University of Wisconsin Carbone Cancer Center
- Industry: Healthcare
- Genre: Healthcare
- Headquarters: Madison, Wisconsin, USA
- Area served: Wisconsin
- Key people: Howard Bailey, Director
- Parent: UW Health
- Website: www.cancer.wisc.edu

= University of Wisconsin Carbone Cancer Center =

The University of Wisconsin Carbone Cancer Center (UWCCC) is a comprehensive cancer center in Wisconsin, as designated by the National Cancer Institute (NCI), the lead federal agency for cancer research. It is an integral part of both the University of Wisconsin (UW) and the University of Wisconsin Hospital and Clinics. It is located in Madison, Wisconsin.

== History ==
Cancer research on the University of Wisconsin-Madison campus has a history starting with the McArdle Laboratory for Cancer Research, established in 1940. Harold Rusch served as the first director of the McArdle Laboratory until 1972.

After the National Cancer Act of 1971, Rusch submitted a proposal to create a new comprehensive cancer center at the University of Wisconsin. The resulting Clinical Cancer Center was one of six original NCI-designated comprehensive cancer centers and was awarded NCI designation in 1973.

Paul Carbone was recruited from the NCI in 1975 to lead the UW's Division of Clinical Oncology, and after Rusch's retirement in 1978, Carbone was named the Director of the Comprehensive Cancer Center. Carbone led the UW Comprehensive Cancer Center from 1978 to 1997 through a period of exceptional scientific and clinical growth while promoting further interdisciplinary science through collaborations across departments.

John Niederhuber served as UW Comprehensive Cancer Center director from 1997 to 2002. His most notable accomplishment was the consolidation of NCI cancer center support grants for the McArdle Laboratory for Cancer Research and the University of Wisconsin Comprehensive Cancer Center. This consolidation led to one NCI-designated grant on the UW-Madison campus. Niederhuber went on to become director of the National Cancer Institute, serving from 2006 to 2010.

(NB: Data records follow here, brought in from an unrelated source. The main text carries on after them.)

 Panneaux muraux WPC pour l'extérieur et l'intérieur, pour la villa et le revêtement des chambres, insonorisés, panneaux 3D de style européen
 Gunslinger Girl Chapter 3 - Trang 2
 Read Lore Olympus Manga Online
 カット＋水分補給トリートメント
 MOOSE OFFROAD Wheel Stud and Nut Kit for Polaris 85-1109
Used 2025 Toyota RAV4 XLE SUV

Following Niederhuber's departure, George Wilding served as interim director before being named director in January 2004. Wilding guided the UW Comprehensive Cancer Center through tremendous growth from 2004 to 2013, which included over 30 tenured faculty recruitments and $250 million in cancer funding, and an emphasis on transdisciplinary research that fostered changes in the management structure, physical growth of facilities and overall multidisciplinary approach.

In 2006, the Cancer Center was renamed the University of Wisconsin Carbone Cancer Center (UW Carbone) to honor the legacy of Paul Carbone.

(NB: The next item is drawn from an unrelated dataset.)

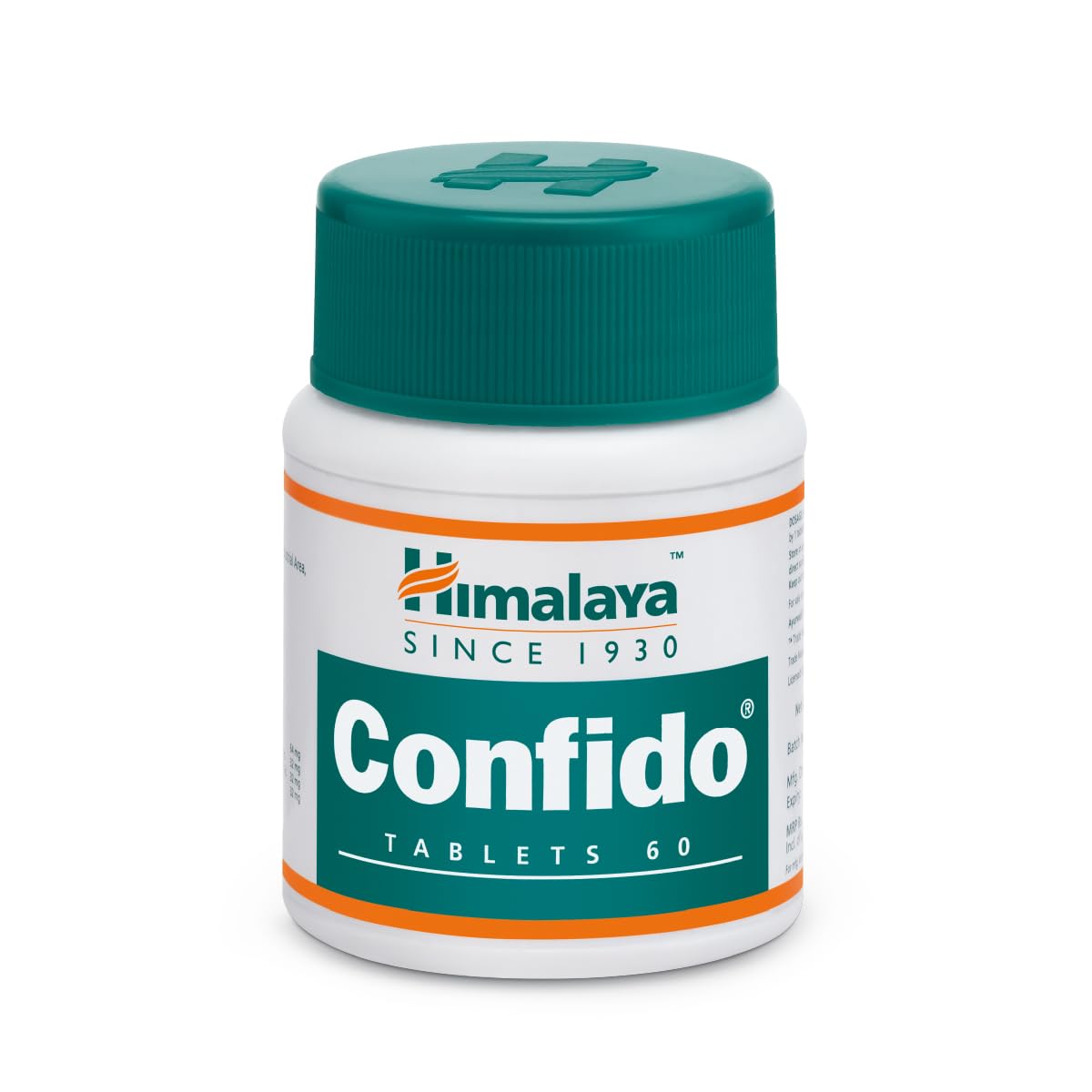 Himalaya Confido Herbal Supplement Tablets, 60 Count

In September 2013, Howard Bailey became interim director of UW Carbone. Bailey has been a faculty member since 1994, with near continuous peer reviewed funding, and a member of the NCI subcommittee A ("Parent Committee") for Core Grant review since 2012.

Howard Bailey was appointed Director in April 2015.

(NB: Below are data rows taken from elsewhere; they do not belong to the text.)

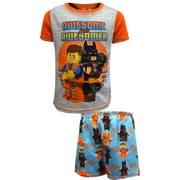 SGI Apparel Boys LEGO Movie 2 Emmet and Batman Toddler Pajama (2T)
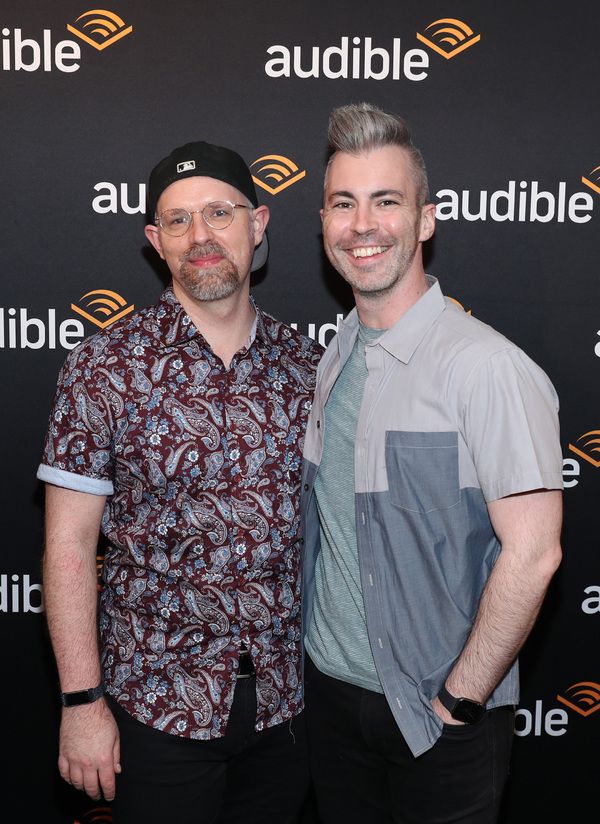 Ryan Scott Oliver and Matthew Murphy  Photo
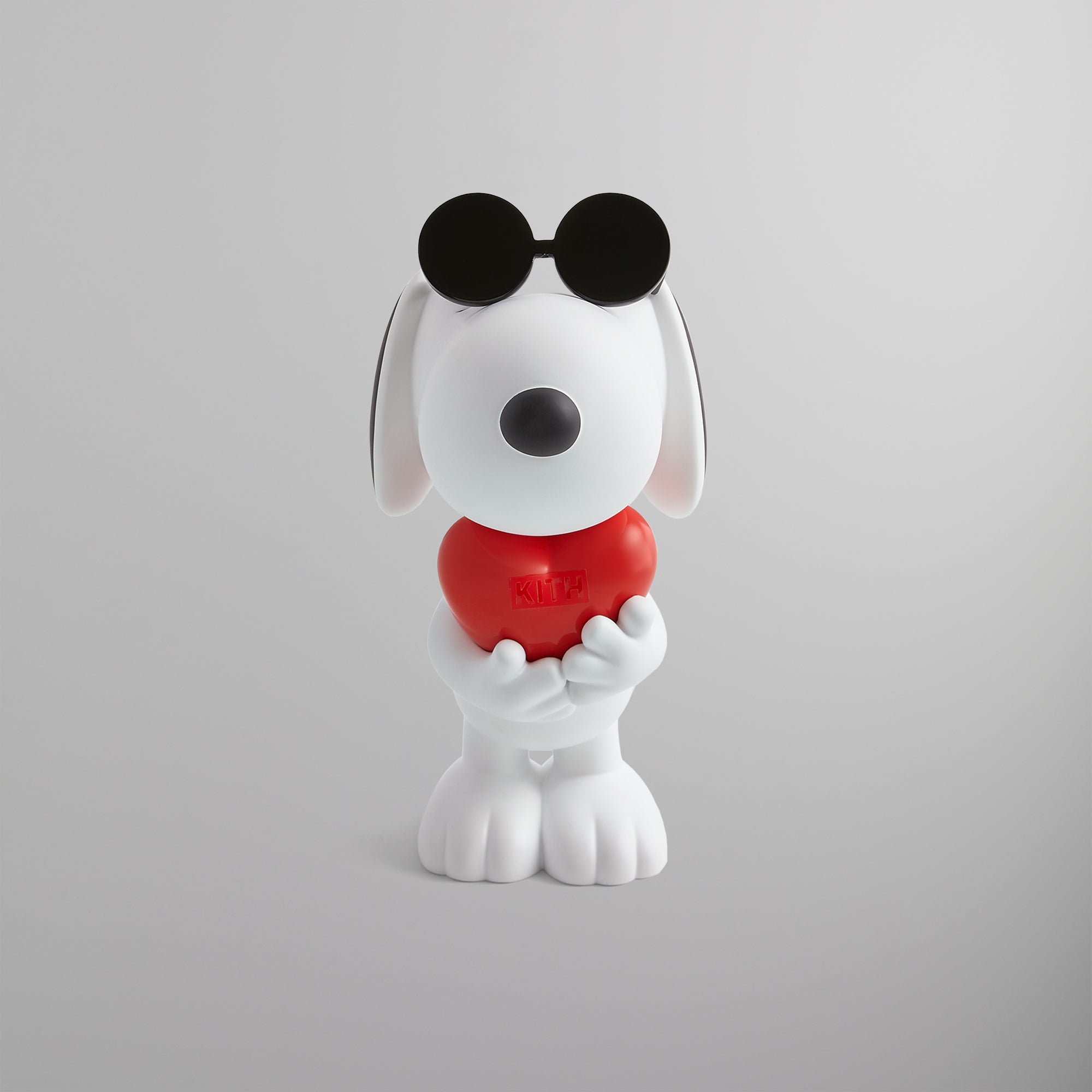 Kith & Leblon Delienne for Peanuts Snoopy Figure - White / Red PH – Kith  Canada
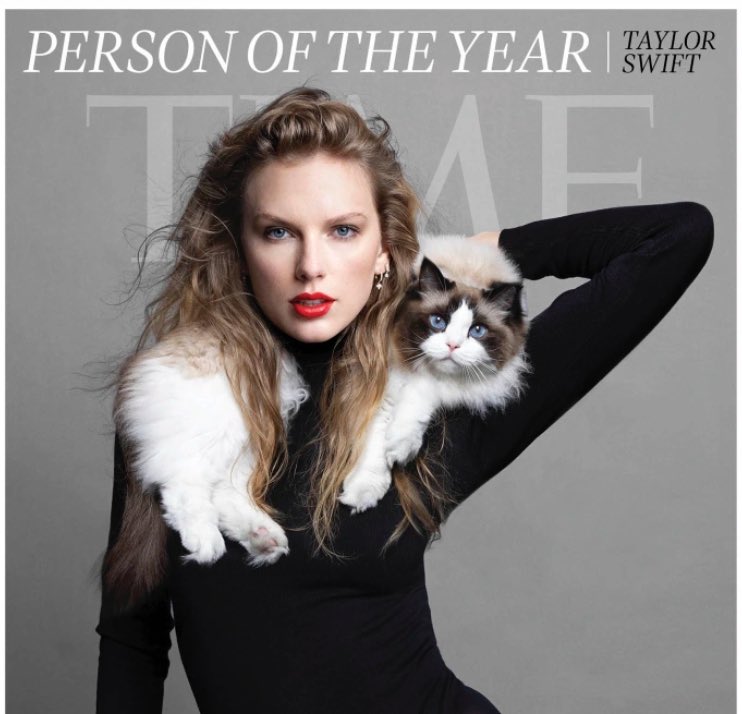 Taylor Swift in 
2019                                 2023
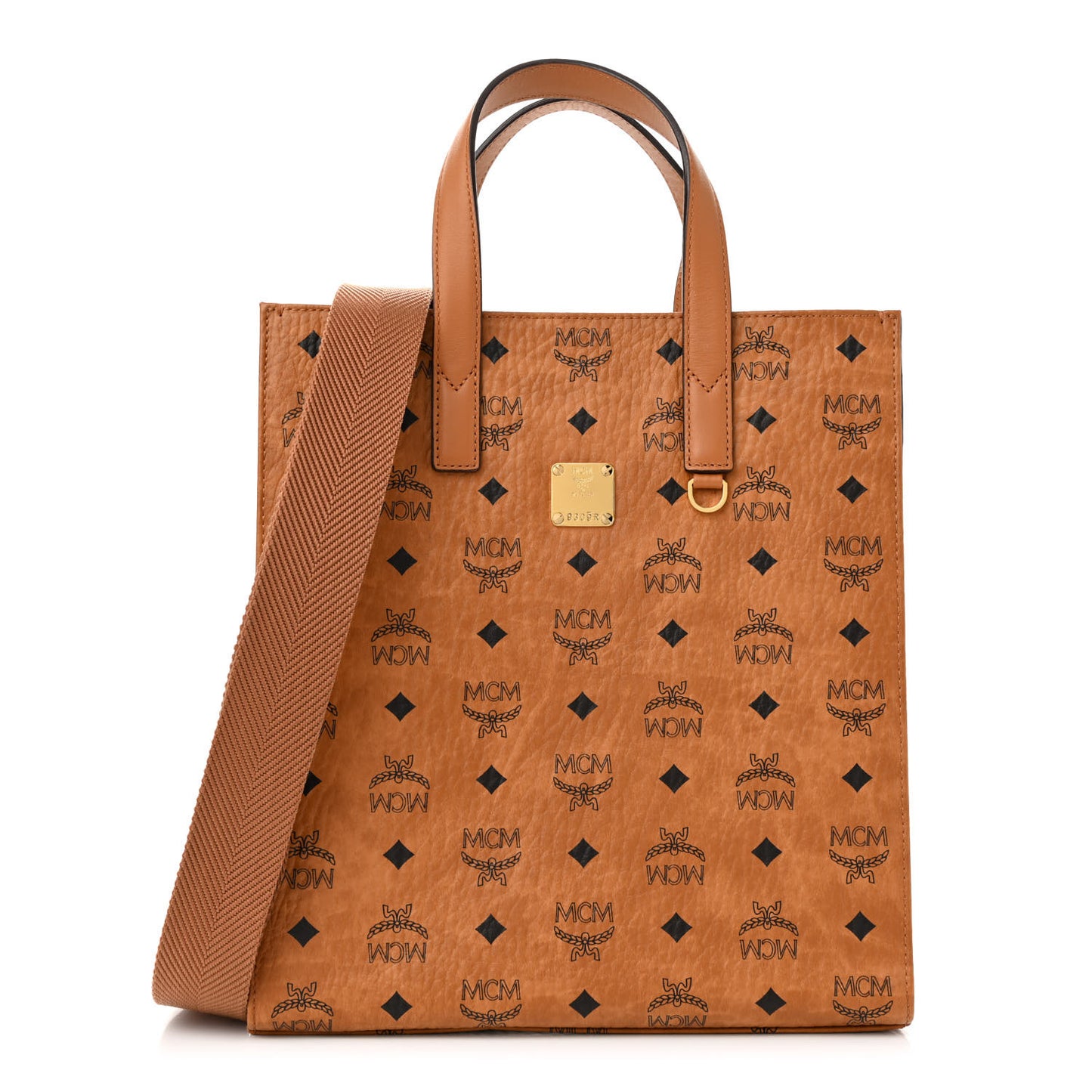 Visetos Klassik Tote Cognac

UW Carbone space is now approaching a three-fold increase to approximately 389,000 square feet of contiguous space on the west end of campus, and the administrative and scientific leadership structure has been considerably strengthened through the addition of Associate and Assistant Director roles. Clinical services have grown with continued expansion of clinical facilities, staff and organizational structure.

== Organization, research, and outreach ==
UW Carbone is a matrix cancer center, allowing it to extend its influence through multiple departments and schools on the University of Wisconsin-Madison campus. UW Carbone unites physicians and scientists who work together in translating discoveries from research laboratories into new treatments that benefit cancer patients; the center conducts research, provides treatment and offers training. The center engages with more than 2,300 UW faculty and staff across the UW campus and treats more than 30,000 patients per year.

UW Carbone formed the Wisconsin Oncology Network, a regional network to allow community health centers from throughout Wisconsin and northern Illinois to enroll patients in select cancer clinical trials that are open at UW Carbone.

=== Research areas ===
Organized around six scientific programs. UW Carbone programs encompass laboratory research, clinical research, population sciences and advanced research training:

- Developmental Therapeutics: Discovering new targets and therapeutic agents and moving them into clinical trials.
- Cancer Genetic and Epigenetic Mechanisms: Discovering novel cancer genetic and epigenetic mechanisms and translating mechanistic insights derived principally from mouse models and primary human cancer samples to human cancer patients.
- Human Cancer Virology: Researching the viruses that cause 15 to 20 percent of all human cancers, including the viral gene functions that are required both for tumor development and also for continued survival of malignant cells in the final tumor.
- Imaging and Radiation Sciences: Pursuing basic, translational and clinical research involving ionizing and non-ionizing radiation in the diagnosis, staging, and treatment of cancer.
- Cancer Prevention and Control: Identifying effective approaches to reduce the burden of cancer for patients, their families, and communities through improved prevention, early detection, and survival.
- Tumor Microenvironment: Studying cancer cell interactions within the context of their local environment.